### What the exercise asks
Once the line with "Bicicleta Aro 29" has been located in the records below, set down that line and all subsequent lines exactly, omitting the pictures.

### Available data
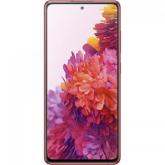 Telefon Mobil Samsung Galaxy S20 FE, Dual Sim, 128GB, 6GB RAM, 5G, Cloud Red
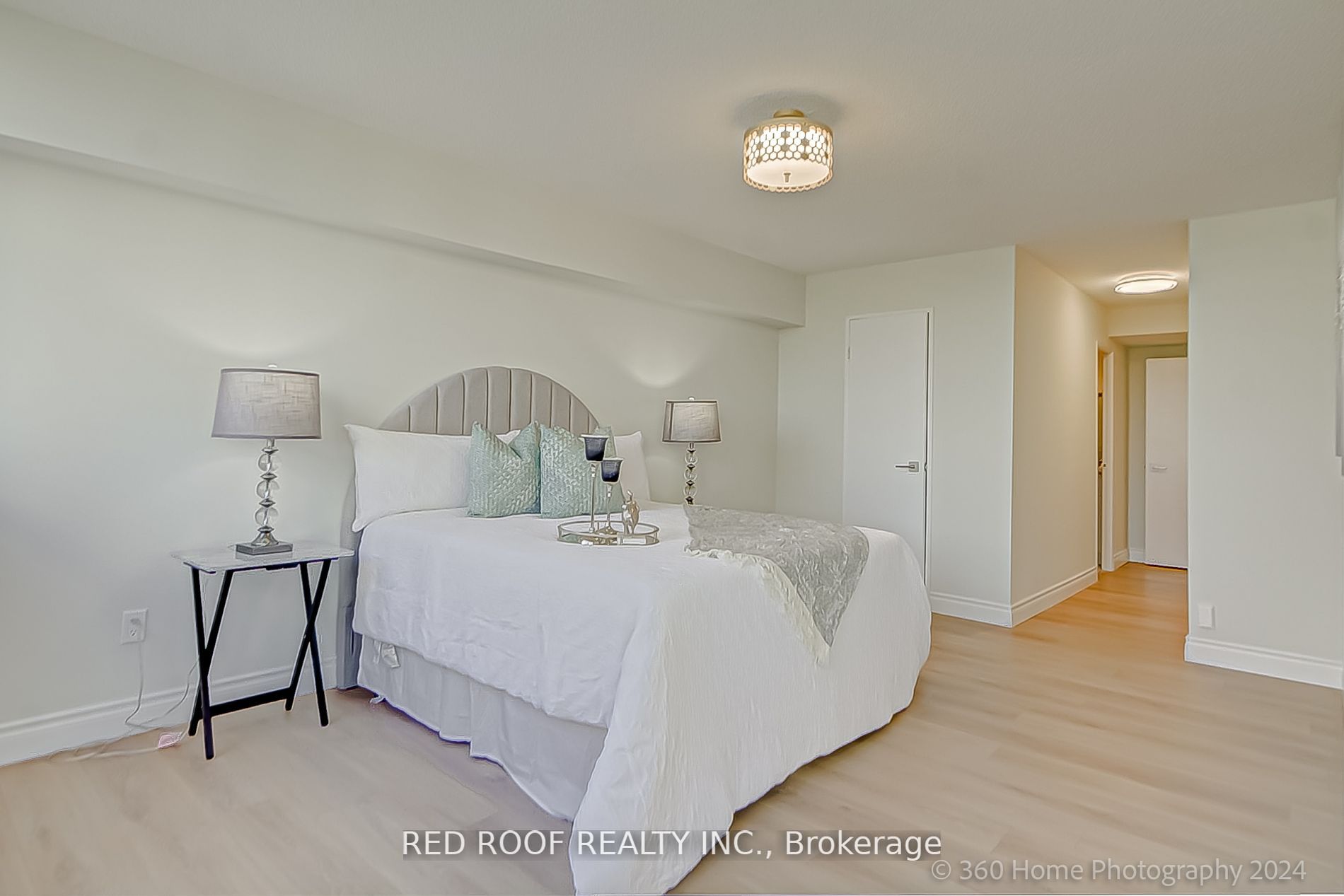 45 Huntingdale Blvd, #604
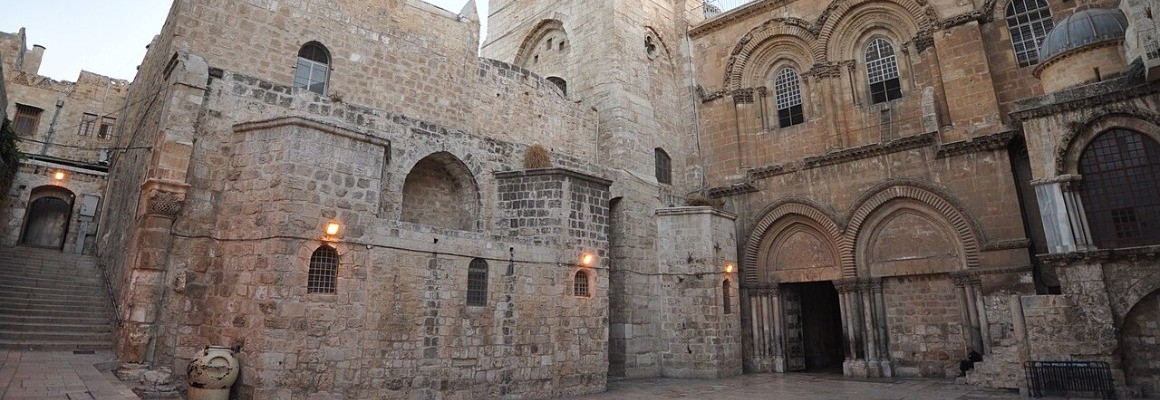 Church of the Holy Sepulcher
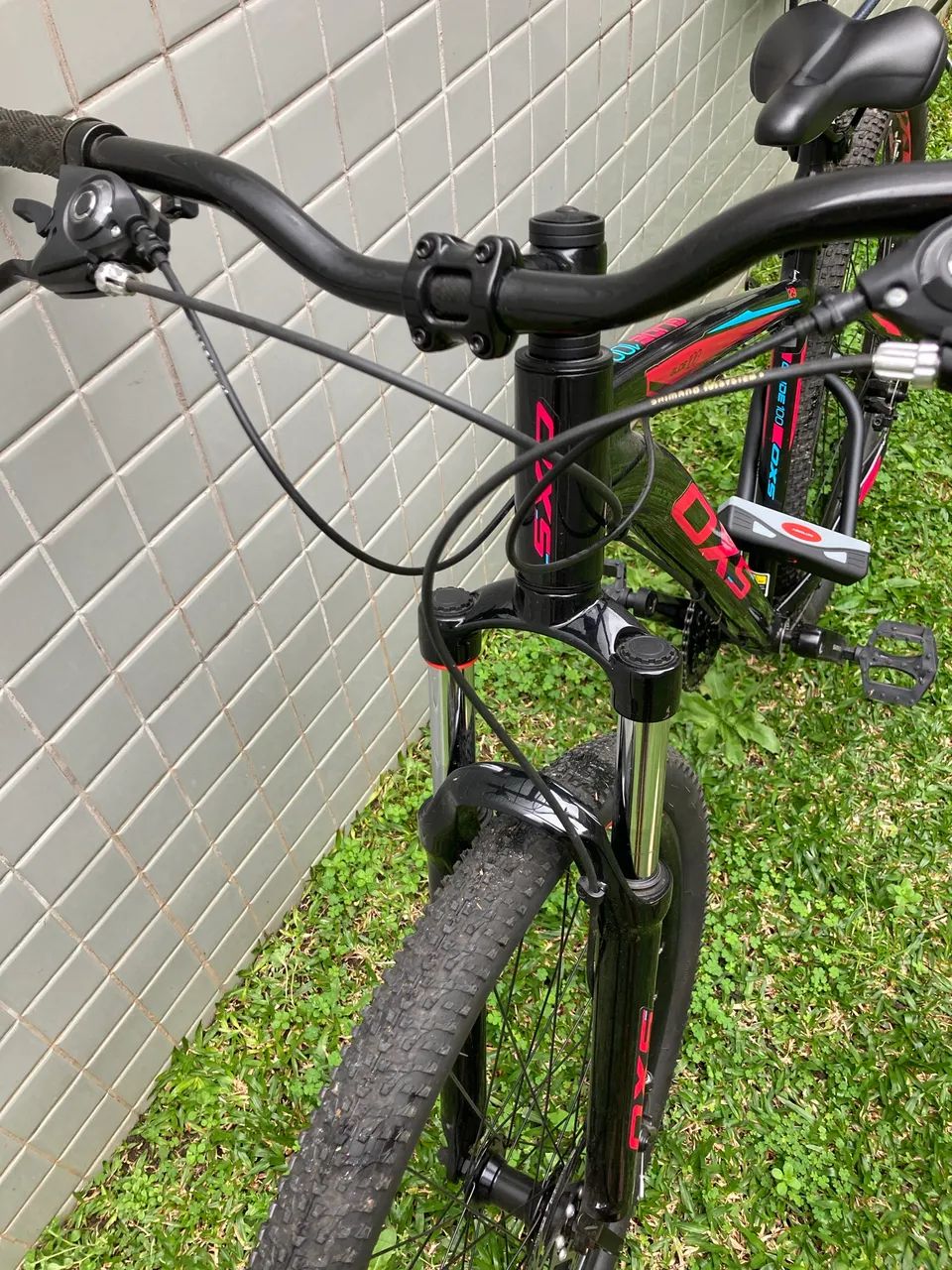 Bicicleta Aro 29 NOVA com brinde  - Foto 2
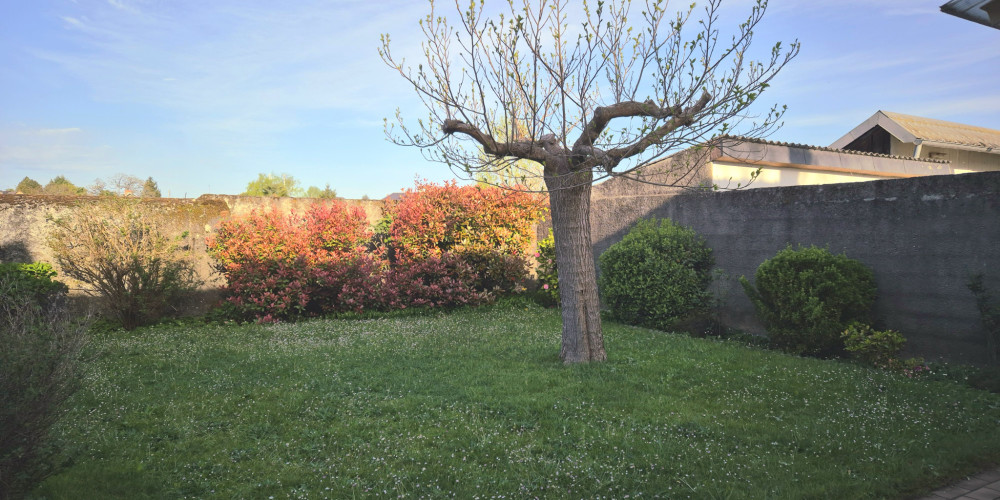maison à PONTACQ (64530)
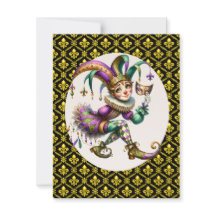 フルール・デ・リスへの招待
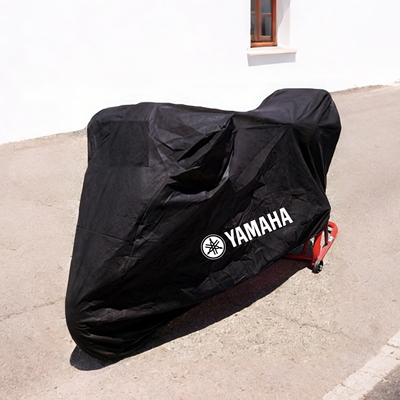 适用雅马哈R15R6R3MT10FZ6R大魔鬼VMAX1700XSR700SR400摩托车衣罩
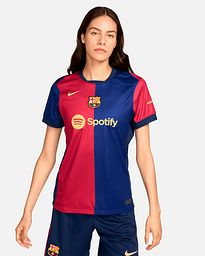 Camiseta 1ª FC Barcelona 2024/2025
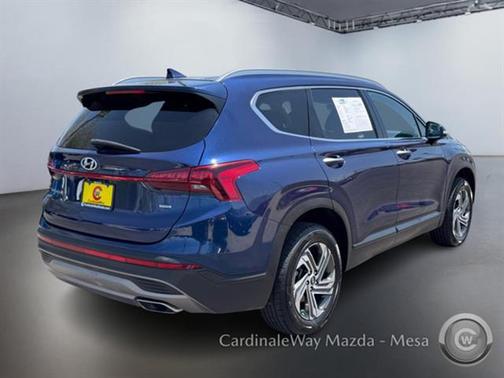 2023 Hyundai SANTA FE SEL 2.4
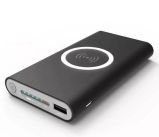 Portable Charge for Phone 8000mAh Li-ion Battery Power Bank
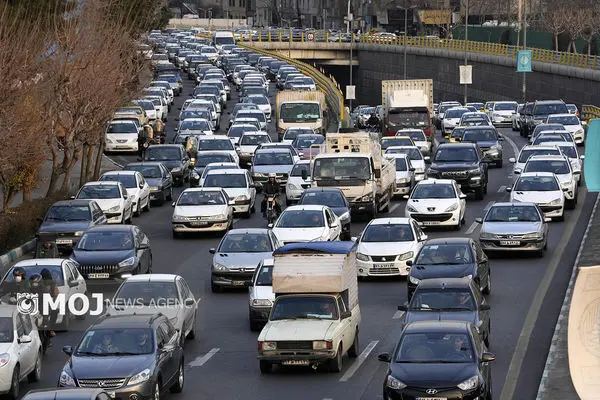موج اول ورود زائران اربعین به کشور از عصر امروز شروع می شود
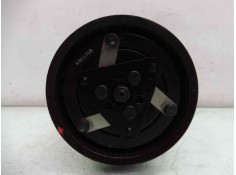 Recambio de compresor aire acondicionado para renault clio iii confort dynamique referencia OEM IAM 8200365787A   2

### Problem solution
 Bicicleta Aro 29 NOVA com brinde  - Foto 2
maison à PONTACQ (64530)
 フルール・デ・リスへの招待
 适用雅马哈R15R6R3MT10FZ6R大魔鬼VMAX1700XSR700SR400摩托车衣罩
 Camiseta 1ª FC Barcelona 2024/2025
 2023 Hyundai SANTA FE SEL 2.4
 Portable Charge for Phone 8000mAh Li-ion Battery Power Bank
موج اول ورود زائران اربعین به کشور از عصر امروز شروع می شود
 Recambio de compresor aire acondicionado para renault clio iii confort dynamique referencia OEM IAM 8200365787A   2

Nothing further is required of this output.